— Застрелился… — тихо сказал Сергей.
— Серега, это он, тот самый офицер! — вскрикнул Салман и склонился над трупом. — Ильяшевич разжаловал его в рядовые.
— Погоди, погоди, я тоже видел его, а где, не вспомню, — призадумался Сергей. — Ага, вспомнил, он Ильяшевича стерег в Ханском! Это ж телохранитель дяди Тимоши!
— Да что ты, Сергей! Видишь, и браунинг офицерский. — Салман хотел взять пистолет, по Сергей остановил его:
— Не трогай! Вот что, я покараулю, а ты скачи за Федей.

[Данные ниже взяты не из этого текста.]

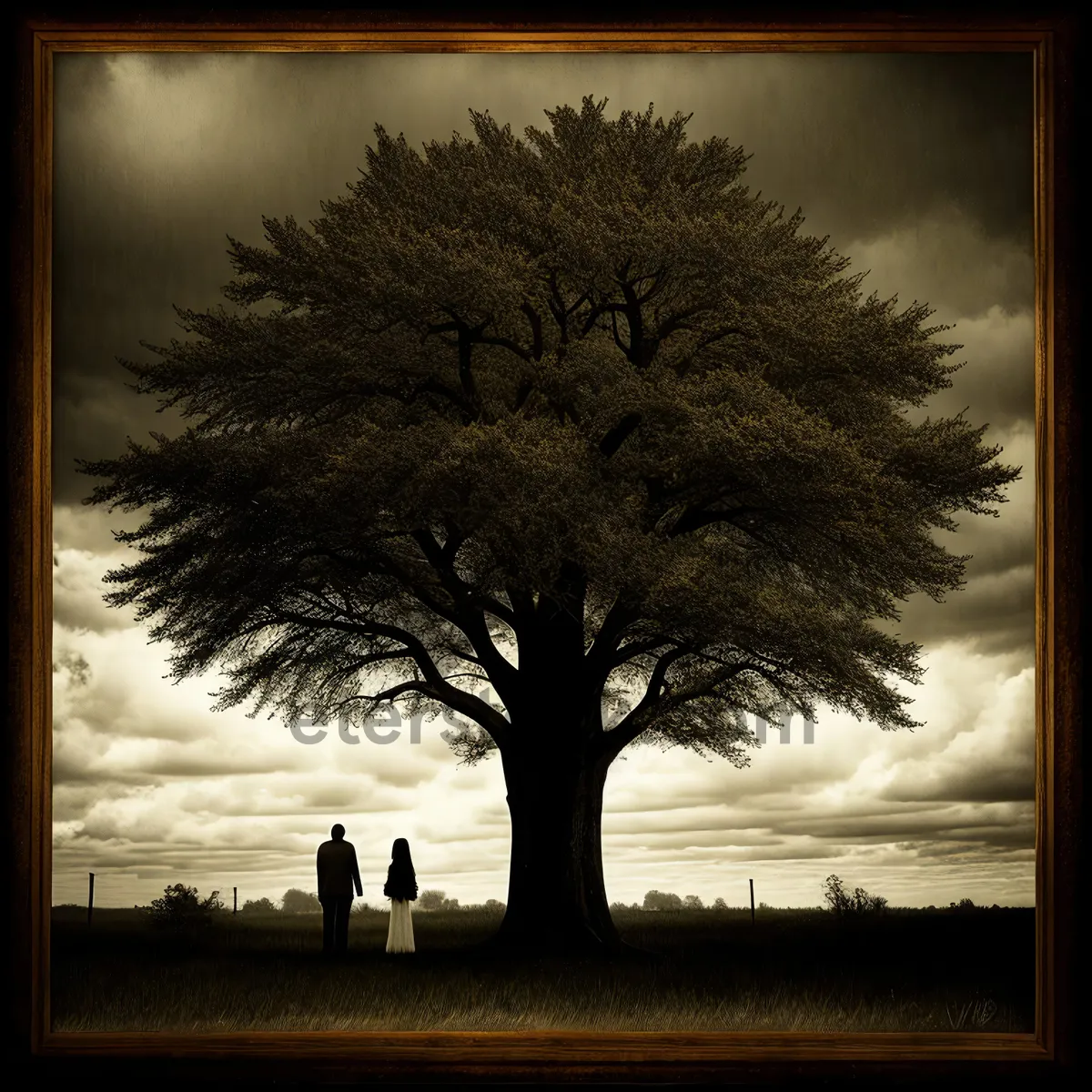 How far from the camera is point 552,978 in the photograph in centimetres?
1057

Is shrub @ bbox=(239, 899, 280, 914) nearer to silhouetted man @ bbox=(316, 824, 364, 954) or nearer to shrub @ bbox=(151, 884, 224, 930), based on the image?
shrub @ bbox=(151, 884, 224, 930)

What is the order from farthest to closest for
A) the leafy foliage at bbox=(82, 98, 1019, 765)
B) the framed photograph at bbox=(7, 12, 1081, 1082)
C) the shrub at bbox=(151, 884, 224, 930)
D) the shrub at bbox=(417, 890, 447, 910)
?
1. the leafy foliage at bbox=(82, 98, 1019, 765)
2. the shrub at bbox=(417, 890, 447, 910)
3. the shrub at bbox=(151, 884, 224, 930)
4. the framed photograph at bbox=(7, 12, 1081, 1082)

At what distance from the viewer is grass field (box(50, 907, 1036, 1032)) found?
947cm

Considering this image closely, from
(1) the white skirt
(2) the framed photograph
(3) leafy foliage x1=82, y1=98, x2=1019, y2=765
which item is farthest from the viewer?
(3) leafy foliage x1=82, y1=98, x2=1019, y2=765

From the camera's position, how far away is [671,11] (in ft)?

Салман убежал и через полчаса вернулся вместе с Федором Беккером. Начальник отдела разведки ЧК присел на корточки, всмотрелся в лицо убитого и неторопливо сказал:
— Верно, это телохранитель Ульянцева…
— Но я хорошо помню, это тот самый офицерик, — настаивал Салман.
— Как же его звали? — не слушая Салмана, вспоминал Беккер. — Алексей… Алексей… Вулевич! Хотел бы я знать, за что его кокнули…
— Он сам застрелился, — подсказал Сергей.
— Сам, говоришь? — Беккер недоверчиво покачал головой, осмотрел браунинг, пересчитал патроны — одного не хватало. Перевернул труп лицом вниз. В затылке зияла кровавая рана. — Сам себе в затылок стрелял?..
Судебно-медицинская экспертиза установила: Вулевич убит в упор из нагана, а пуля, извлеченная из тела Ульянцева… выпущена из браунинга Вулевича! Выходит, Ульянцева убил Вулевич? А кто и почему убрал Вулевича? Может быть, убийца Ульянцева, для того чтобы замести следы, отвести от себя подозрение?
Стали выяснять, кто назначил Вулевича телохранителем. Никто не назначал: ни Реввоенсовет, ни крайсовет, ни штаб войск!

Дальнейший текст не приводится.